▶ _DATA_:
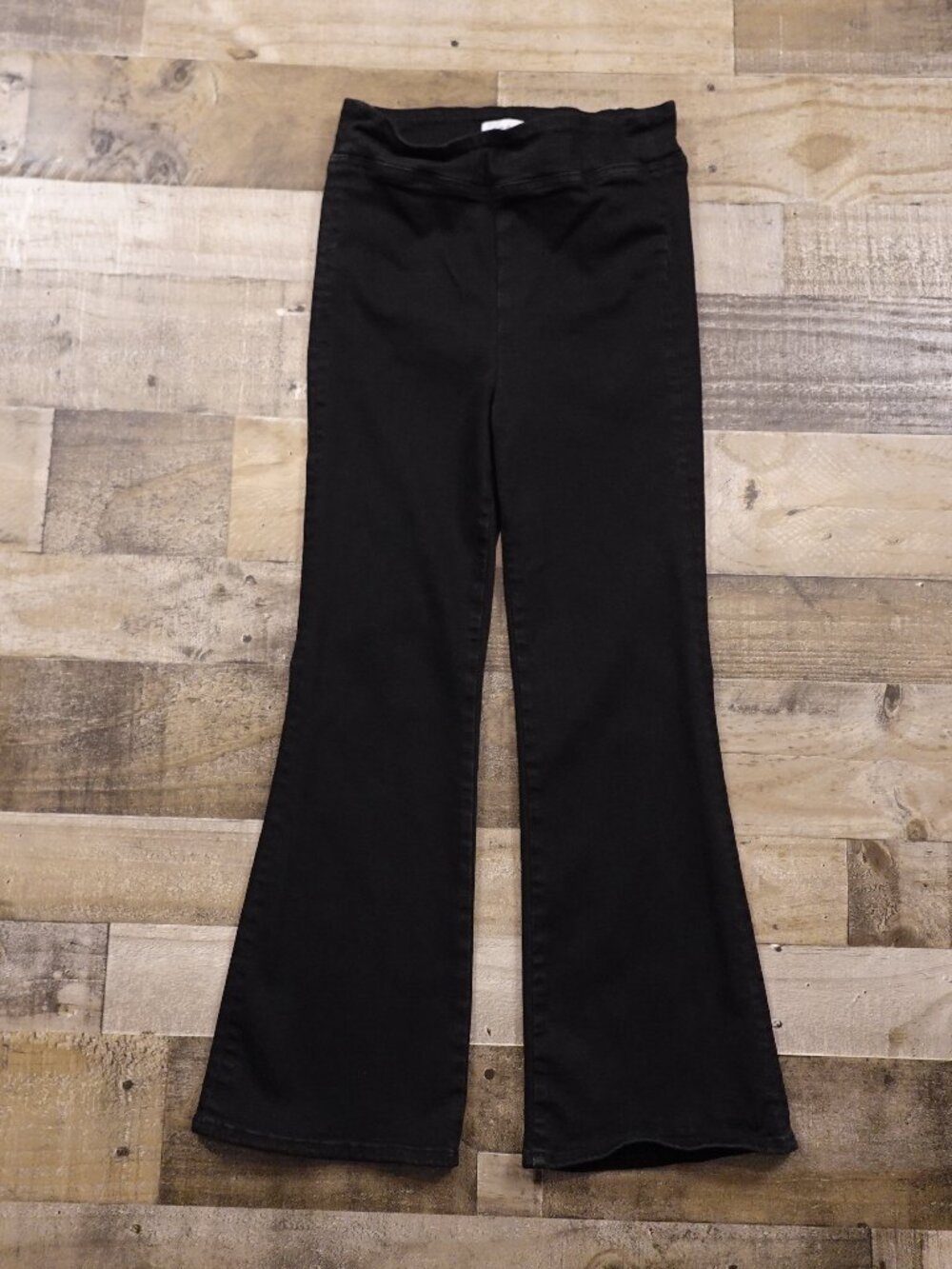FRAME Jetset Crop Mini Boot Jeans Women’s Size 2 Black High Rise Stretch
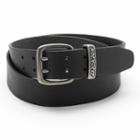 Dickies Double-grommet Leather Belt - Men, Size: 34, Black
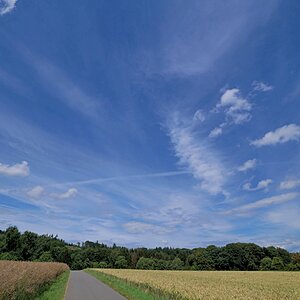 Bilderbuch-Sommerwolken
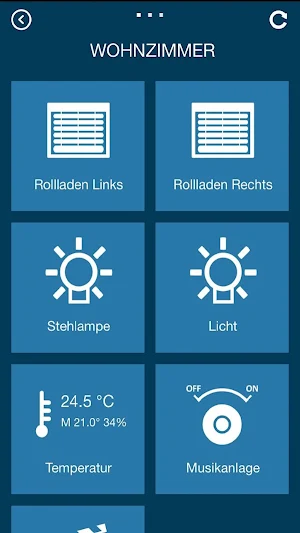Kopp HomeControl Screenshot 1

---

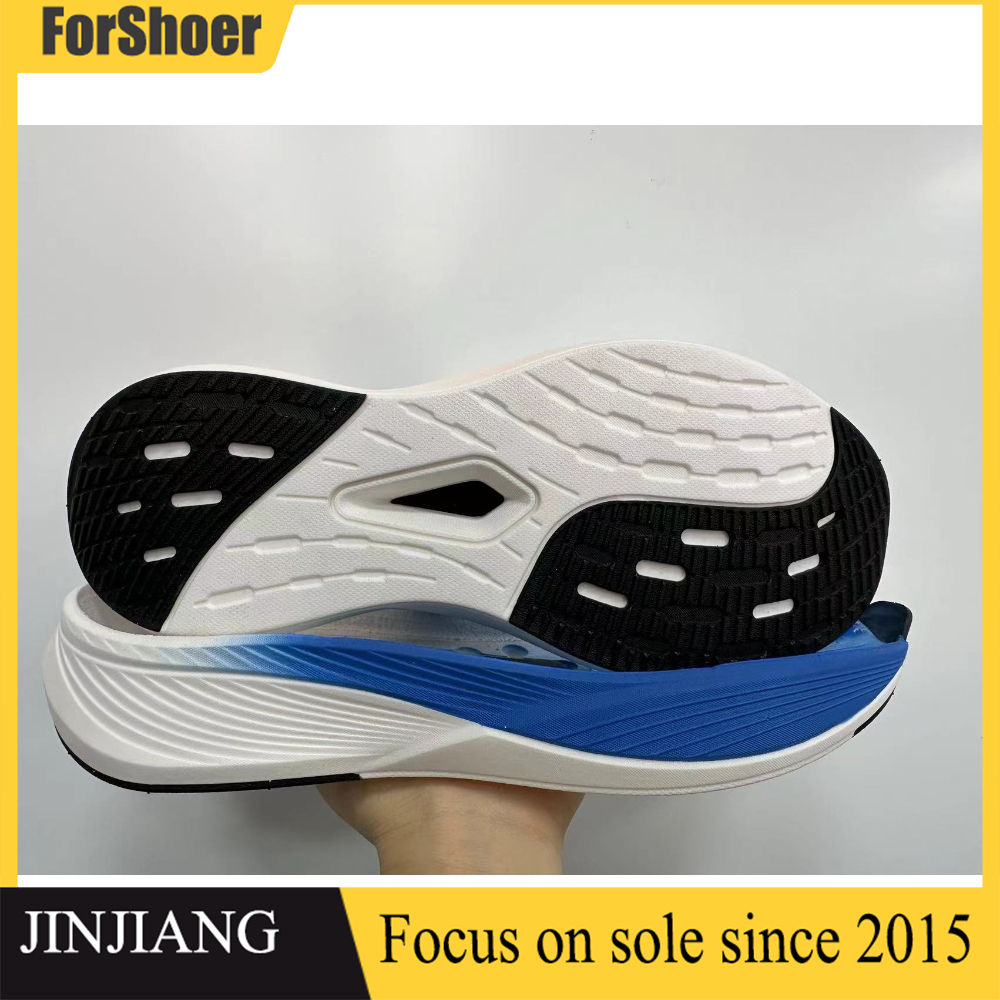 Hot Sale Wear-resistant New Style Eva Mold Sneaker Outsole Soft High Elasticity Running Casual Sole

▶ _WHAT THE TASK REQUIRES_:
With the pictures omitted, print the lines above exactly, beginning at the line with "FRAME Jetset Crop" and going on through the line with "Kopp HomeControl Screenshot 1".

▶ _ANSWER BELOW_:
FRAME Jetset Crop Mini Boot Jeans Women’s Size 2 Black High Rise Stretch
 Dickies Double-grommet Leather Belt - Men, Size: 34, Black
 Bilderbuch-Sommerwolken
Kopp HomeControl Screenshot 1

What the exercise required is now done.